It only took Sano one pitch from Cleveland reliever Nick Goody to unload on a slider over the inner half for a grand slam that capped a five-run rally in the eighth and seemingly sucked the air out of Progressive Field. The blast powered a come-from-behind, 9-5 victory for the Twins that secured a sweep of Saturday’s doubleheader and moved Minnesota’s lead in the AL Central to 5 1/2 games.
“It’s a tremendous swing in a very challenging, dramatic moment,” Twins manager Rocco Baldelli said. “Something big was needed. These are really emotional, big games. These games are fun; they’re a different brand of baseball this time of year, and that’s just a huge play and a huge swing. It kind of put us in position to win the game, flat out.”
Entering Saturday, the Twins looked to face an uphill battle against their challengers for the division crown, as they needed to piece together 18 innings from their bullpen while facing dominant right-hander Mike Clevinger in one of the contests.
First, they blasted their way past Clevinger in a 2-0 win. Then, they bombed through Cleveland’s bullpen.
Now, the Twins are guaranteed to leave Cleveland with a lead no smaller than 4 1/2 games with only Chicago, Kansas City and Detroit remaining on the schedule.
"That's a big day,” Sano said. “It's a big day for everybody here -- for the staff, for the players and for the fans. Everybody's happy here. We played the game. We never put our heads down. We came here to compete and win the game."
“It doesn’t matter how long the day is if we win games,” Jorge Polanco said.
The Twins faced an early 5-2 hole after a tough start from Lewis Thorpe but pulled to within one run on a two-run blast by Nelson Cruz in the sixth -- and the real fireworks came in the eighth.
After Max Kepler moved to second base on a throwing error by Francisco Lindor, Polanco tied the game with a double off the left-field wall -- after he hit the go-ahead homer and made a game-saving defensive play during the first game of the doubleheader.
Cruz and Eddie Rosario, who hit a two-run homer in the first, followed with walks to load the bases for Sano, who crushed his first career grand slam -- and only the Twins’ second of the season -- a Statcast-projected 415 feet into the left-field bleachers.
"I just tried to hit the ball and tried to get some guys to the plate,” Sano said. “The guy made a mistake. He threw me a [slider] down the middle, and I had the chance to hit the homer."
Sano’s grand slam was particularly significant in light of the Twins’ season-long struggles with the bases loaded.
Though Minnesota entered the day with 279 homers after having broken the all-time Major League record earlier this season, the Twins were also slashing a meager .211/.216/.312 with the bases loaded, good for an MLB-worst .528 OPS and 28 wRC+ in such situations.
“There's nothing to point to,” Baldelli said. “Nothing I know of.
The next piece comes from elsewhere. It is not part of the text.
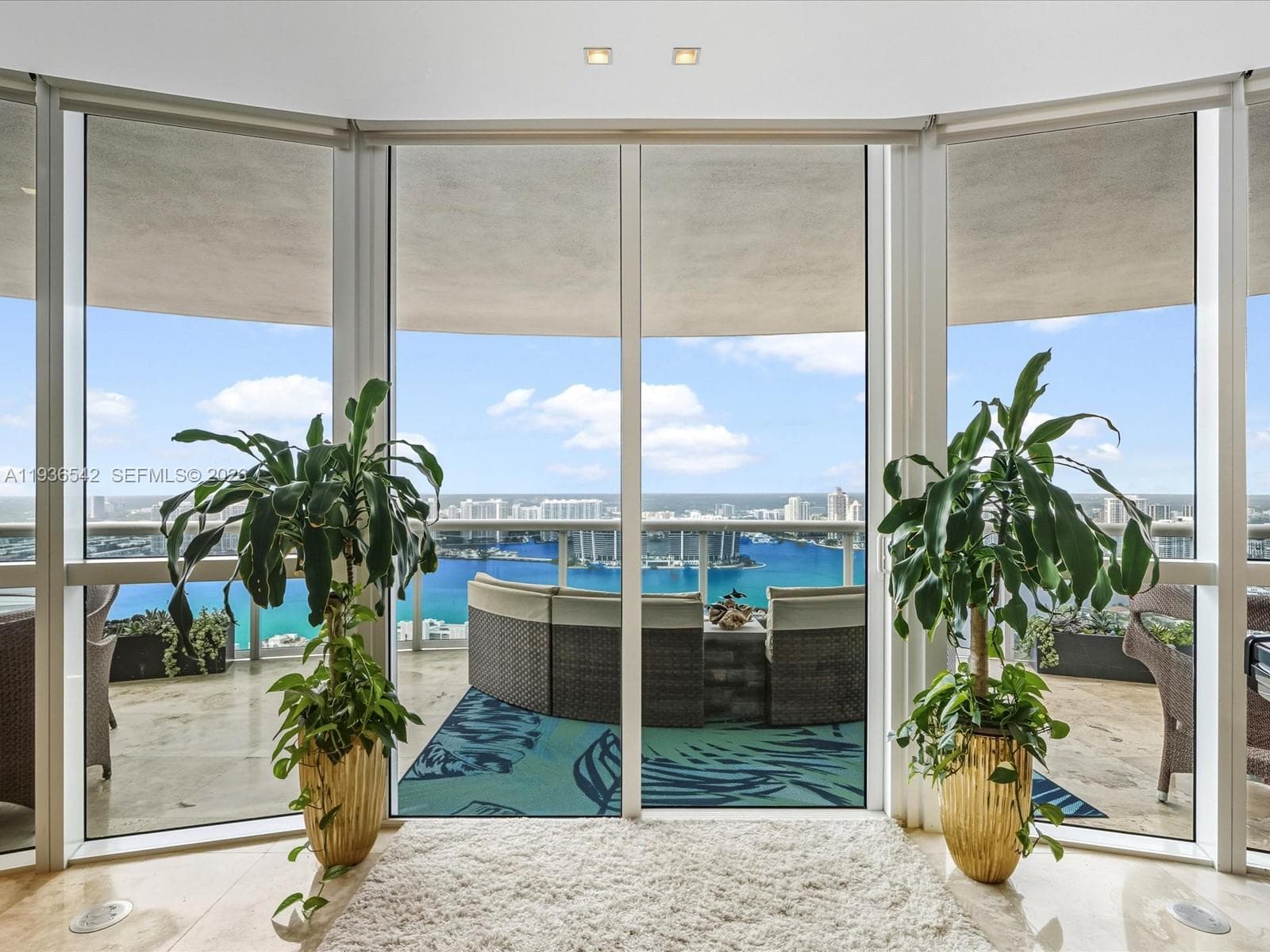 18201 Collins Ave 5101 photo 11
We have good hitters. They hit well with people on base. When there's three people on base, you hope they hit even better. We haven't to this point, but maybe we're due.”
None of the heroics would have been possible without a titanic day from the Twins’ bullpen.
The Twins went into the day needing to pull 18 innings out of their hat. They ultimately needed just nine pitchers to do it, leaving six more rested relievers with whom to scrape together another bullpen game for Sunday’s series finale.
After Devin Smeltzer, Zack Littell, Tyler Duffey, Sergio Romo and Taylor Rogers combined for a five-hit shutout in the matinee victory, Cody Stashak, Brusdar Graterol and Trevor May pitched 5 1/3 more frames of scoreless relief in the nightcap. Graterol set the record for the Twins’ fastest pitch in the pitch-tracking era -- 101.9 mph -- as he earned his first career win with two perfect innings of relief.
“We needed all of them and everybody delivered,” Baldelli said. “Without pretty much everybody that was out there over the course of the day, Game 1 and Game 2, we don't win. We needed everybody.”
The Twins’ bullpen certainly experienced its ups and downs throughout the season, with personnel shifts, role changes, mechanical adjustments and periods of difficulty marking its journey to this point.
On Saturday, that relief corps faced its stiffest test -- and dominated in one of the most important moments of the regular season.
In fact, the Twins’ bullpen has been one of the best units in baseball since the start of August, lowering its collective ERA during that period to 3.57 -- the second-best mark in the AL -- with 11 1/3 scoreless innings of relief over the two games of Saturday’s doubleheader.
“It's just huge,” Smeltzer said after throwing three scoreless frames in Game 1. “It's September baseball, and in my eyes, this is playoff baseball. There's not going to be much more tension than this. We're playing a team we're fighting to stay ahead of, and we have a really deep bullpen with a lot of good arms. We just passed the baton and kept attacking.”
A division championship now appears within the grasp of these Twins. But you won’t hear them acknowledge that -- not even after a long, wildly successful day at work.
“No. We have a long way to go,” Baldelli said. “We’ll get ready to play tomorrow. We’ll start there again. And I don’t think at any point -- that won’t change at any point going forward. We play for today.”